Ambos os delitos são tipos mistos alternativos, onde a prática de uma ou mais condutas caracterizará sempre um crime único. Deverá ser praticado com dolo, não sendo necessário nenhum especial fim de agir.

Os aparelhos, instrumentos ou objetos, embora possam servir para outras coisas, devem ter por finalidade principal a falsificação de moeda ou a construção de imitações dos papéis referidos no artigo 293.

Em ambos os casos, por se tratarem de condutas preparatórias para a prática de outros delitos, se o agente estiver com o aparelho destinado a falsificação e efetivamente falsificar moeda ou papel público responderá pelos crimes fins (289 e 293, do Código Penal), pois este absorve o crime meio.

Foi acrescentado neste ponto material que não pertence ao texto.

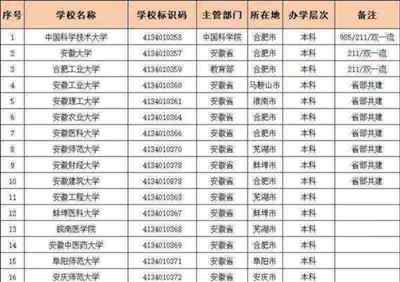  科学技术大学是985还是211录取分数线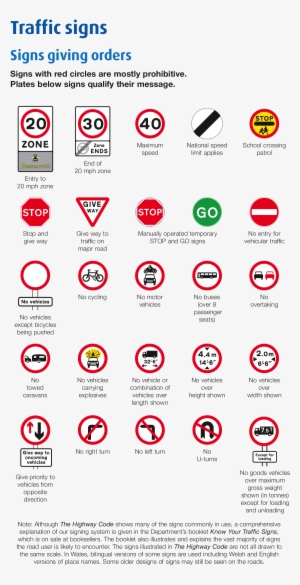 Traffic Signs - Road Signs Uk Theory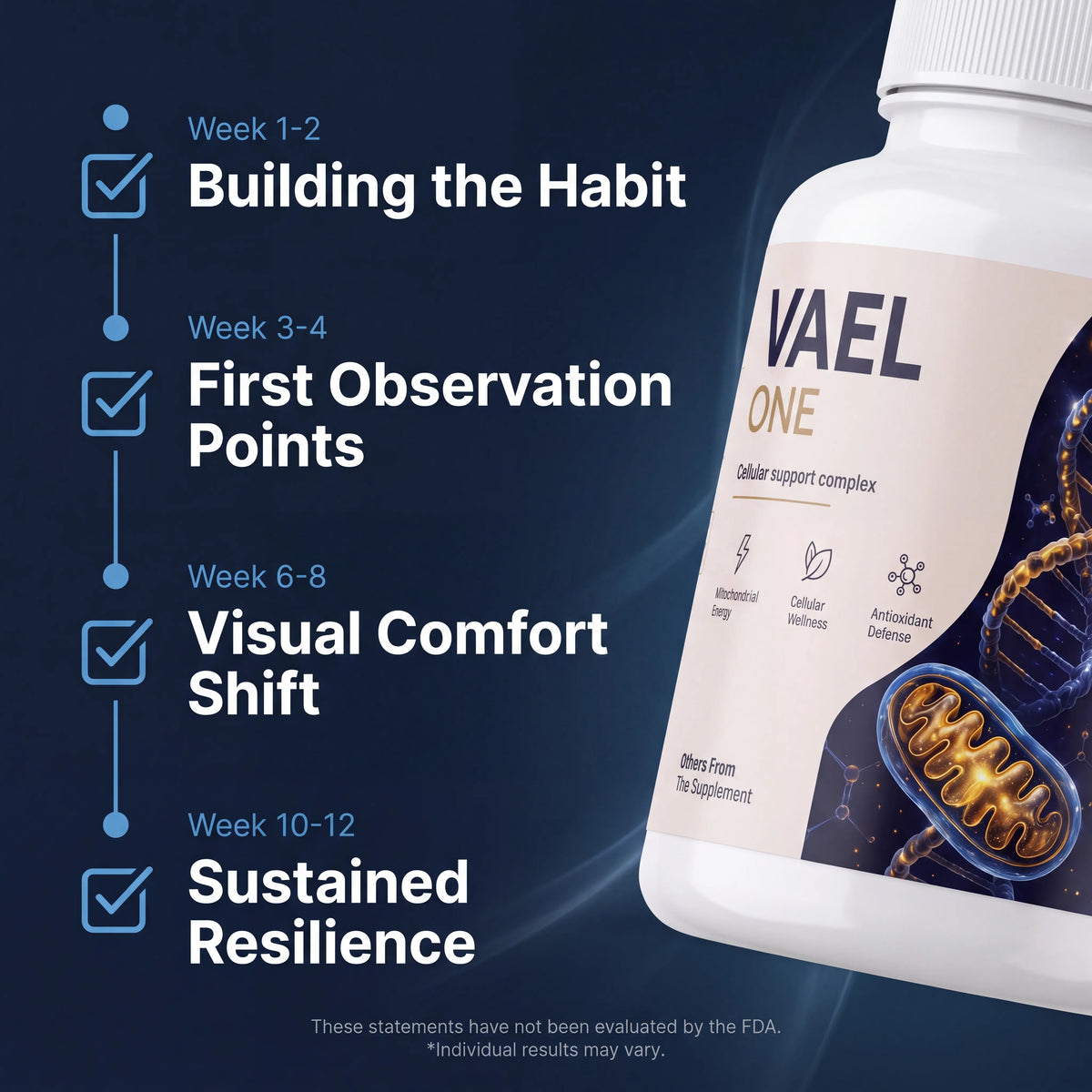 What to watch for: weeks 1-2 building the habit through weeks 10-12 sustained resilience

Aqui também se observa que o legislador não abrandou a punição de tais atos preparatórios já que a pena de quem viola o artigo 291 do Código Penal é a mesma, por exemplo, de quem falsifica um documento público[11] e maior do que a daquele que pratica o crime de falsidade ideológica[12] ou contrabando e descaminho[13].

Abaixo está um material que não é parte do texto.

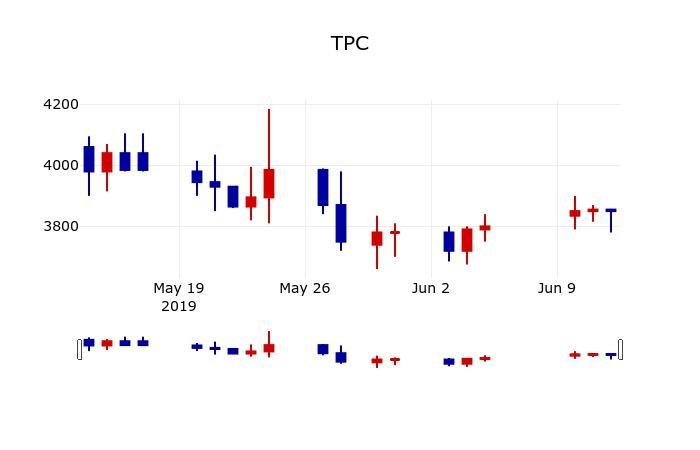▲지난 30영업일 동안 TPC 주가변동정보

Outro exemplo da punição de atos preparatórios esta materializado no artigo 253 do Código Penal:

Art. 253 - Fabricar, fornecer, adquirir, possuir ou transportar, sem licença da autoridade, substância ou engenho explosivo, gás tóxico ou asfixiante, ou material destinado à sua fabricação:

Pena - detenção, de seis meses a dois anos, e multa.

Gás tóxico pode ser entendido como o fluído compressível capaz de causar envenenamento, já o gás asfixiante é o produto químico que provoca sufocação. Quantoa expressão “material destinado a sua fabricação”, não é necessário que a substância tenha a única finalidade de fabricar esses gases, desde que em determinado contexto fático, ela possa ser usada para tal fim (NUCCI, 2008, p.944-5).

Trata-se de delito comum, podendo ser praticado por qualquer pessoa, não exigindo, para sua consumação nenhum efeito naturalístico, devendo o agente agir com dolo de perigo.

O Código Penal, preocupado com a extensão dos danos que podem ser causados pelo uso de gás tóxico ou asfixiante, antecipou-se novamente e criminalizou, com pena de detenção de seis meses a um ano, o simples transporte, sem licença da autoridade, de gás tóxico ou asfixiante ou qualquer material destinado a sua fabricação.

Ressalta-se que a parte do artigo 253 referentea fabricação, fornecimento e transporte de substância ou engenho explosivo foi derrogado pelo Estatuto do Desarmamento, já que essa lei passou a prever como crime tais condutas -  sendo, portanto aplicado o princípio da especialidade.

3.2. Lei de Drogas

A Lei nº 11.343 de 23 de agosto de 2006 (Lei de Drogas ou Lei de Tóxicos) também traz em seu texto ramificações do Direito Penal do Inimigo.

Ao estabelecer os crimes relacionados com a repressão não autorizada e o tráfico ilícito de drogas (Título IV, Capítulo II), criminalizou no artigo 33, §1º, I a conduta de importar, exportar, remeter, produzir, fabricar, adquirir, vender, expor à venda, oferecer, fornecer, ter em depósito, transportar, trazer consigo ou guardar matéria prima, insumo ou algum produto químico destinado à preparação de drogas, sem autorização ou em desacordo com determinação legal ou regulamentar.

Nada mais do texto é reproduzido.